Abstract

Acetyl-CoA is responsible for much of the structural and functional diversity in nature, as it provides organisms with the chemical flexibility to biosynthesize a plethora of natural products. Recent studies in Arabidopsis using antisense RNA technology have demonstrated that an overall reduction of ATP-citrate lyase (ACL) activity in the cytosol produces a complex morphological and biochemical phenotype. Significant complementation of the phenotype with malonic acid demonstrated that the observed metabolic alterations were related to the carboxylation pathway of cytosolic acetyl-CoA metabolism. However, Arabidopsis ACL is encoded by two small subfamilies of highly homologous genes. In Arabidopsis, functional ACL is an A4B4 heterooctamer, and the ACLA subunit is encoded by three genes while the ACLB subunit is encoded by two. The individual physiological roles of each of these genes have not been determined.
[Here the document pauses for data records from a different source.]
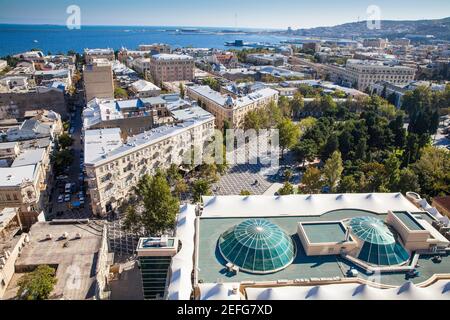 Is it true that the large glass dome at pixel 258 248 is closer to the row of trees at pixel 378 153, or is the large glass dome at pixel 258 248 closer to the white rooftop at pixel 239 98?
the row of trees at pixel 378 153

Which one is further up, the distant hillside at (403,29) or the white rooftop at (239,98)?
the distant hillside at (403,29)

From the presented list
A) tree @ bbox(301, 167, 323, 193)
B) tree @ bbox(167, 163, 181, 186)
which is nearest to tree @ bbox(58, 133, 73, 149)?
tree @ bbox(167, 163, 181, 186)

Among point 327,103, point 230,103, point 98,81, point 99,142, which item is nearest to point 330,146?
point 230,103

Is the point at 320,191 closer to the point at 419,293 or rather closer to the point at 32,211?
the point at 419,293

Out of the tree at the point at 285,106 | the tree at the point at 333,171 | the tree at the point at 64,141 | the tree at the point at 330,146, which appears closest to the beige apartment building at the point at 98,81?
the tree at the point at 64,141

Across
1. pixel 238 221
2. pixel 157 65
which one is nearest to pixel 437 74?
pixel 157 65

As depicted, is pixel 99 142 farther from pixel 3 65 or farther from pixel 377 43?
pixel 377 43

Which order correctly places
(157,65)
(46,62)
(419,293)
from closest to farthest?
(419,293)
(157,65)
(46,62) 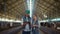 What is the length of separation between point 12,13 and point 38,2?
1.13 feet

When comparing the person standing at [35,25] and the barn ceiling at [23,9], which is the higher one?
the barn ceiling at [23,9]

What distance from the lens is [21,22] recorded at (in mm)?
2008

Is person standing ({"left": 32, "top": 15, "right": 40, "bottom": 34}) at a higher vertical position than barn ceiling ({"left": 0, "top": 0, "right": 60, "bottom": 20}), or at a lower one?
lower

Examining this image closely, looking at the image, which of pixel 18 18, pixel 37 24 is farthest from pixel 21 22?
pixel 37 24

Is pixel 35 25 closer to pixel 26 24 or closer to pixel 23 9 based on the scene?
pixel 26 24

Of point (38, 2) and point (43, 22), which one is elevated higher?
point (38, 2)

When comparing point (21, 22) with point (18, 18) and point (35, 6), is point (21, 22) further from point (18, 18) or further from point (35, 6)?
point (35, 6)

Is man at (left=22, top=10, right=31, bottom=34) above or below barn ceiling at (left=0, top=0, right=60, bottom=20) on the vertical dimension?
below

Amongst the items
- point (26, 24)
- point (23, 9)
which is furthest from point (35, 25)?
point (23, 9)

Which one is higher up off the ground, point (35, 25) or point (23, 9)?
point (23, 9)

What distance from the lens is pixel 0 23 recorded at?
6.42ft

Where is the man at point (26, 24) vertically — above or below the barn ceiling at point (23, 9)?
below

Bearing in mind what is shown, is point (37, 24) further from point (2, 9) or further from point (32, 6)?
point (2, 9)

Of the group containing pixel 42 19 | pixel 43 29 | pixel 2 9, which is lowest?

In this study we report the isolation of TDNA of Ds transposon insertion mutants for each gene in the ACL family. By intercrossing aclb1 and aclb2 mutants, we have shown that the ACL null condition is embryo lethal. This finding demonstrates that normal growth and development requires an adequate ACLgenerated cytosolic acetyl-CoA pool which cannot be complemented by any other endogenous source of acetyl-CoA. We have also demonstrated that, in spite of the different expression patterns observed, ACLA genes display substantial functional redundancy, as genetic disruption of these, individually or in pair, produces no morphological and few biochemical phenotypes.